Note carefully that I used the word "feasible" and not the word
"possible." By adding more and more hair to the syntax, it becomes
"possible" to do just about anything imaginable with regexes, at
significant cost to clarity and elegance.
> There is no avoiding it. Consider: [\uAC00-\uD7A3] which should match
> any LV or LVT Hangul syllable. That character class needs to be able
> to match any of the precomposed characters listed in the range, but
> also must match any sequence of jamos that is canonically equivalent,
> such as <U+1103 U+1167 U+11AB>.
That solution would be specific to Korean, but would not be interpreted
differently in a Korean-language context vs. a non-Korean-language
context, which is how I should have phrased it.
> The specification uses as an example, [a-z\q{x\u0323}], which allows
> American Indians to treat x with an under dot as a single character
> even though there is no precomposed character for it.

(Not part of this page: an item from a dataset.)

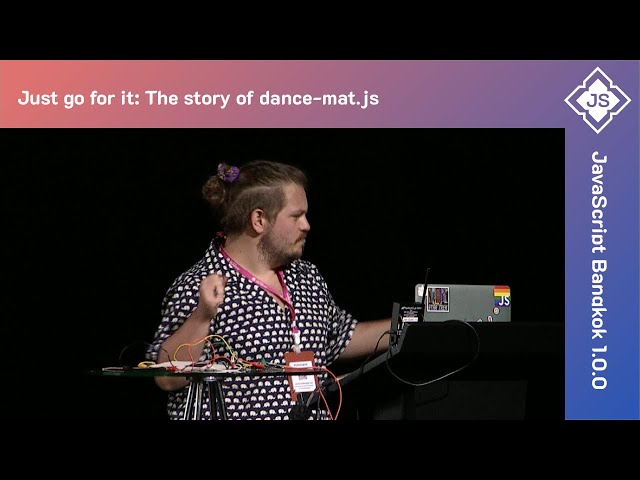 JavaScript Bangkok 1.0.0 - Just go for it: The story of dance-mat.js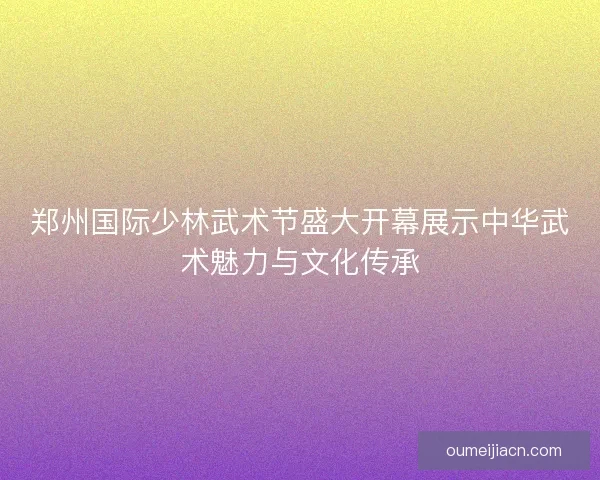 郑州国际少林武术节盛大开幕展示中华武术魅力与文化传承 郑州国际少林武术节盛大开幕展示中华武术魅力与文化传承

I did say "two or more base characters." Combining characters are a
different kettle of fish, and indeed your solution does make the most
sense for combining characters.
> I also allow you to put named character sequences in a character
> class: [\N{KATAKANA LETTER AINU P}] and they always consist of
> multiple code points, by definition.
But again, the behavior is not different for different languages, right?
Now on the other hand, Andy Heninger wrote:
> POSIX has defined exactly that, see
> http://www.opengroup.org/onlinepubs/009695399/basedefs/xbd_chap09.html#tag_09_03_05
> "Collation Elements" are locale (language) specific multi-character
> sequences that can appear as set elements in bracket expressions.
> I'm not sure that it's a particularly good idea, but it has been done.
It looks like this is defined in terms of *my* locale, which will
probably conform to English rules and will probably not include the
line:
collating-element <ch-digraph> from "<c><h>"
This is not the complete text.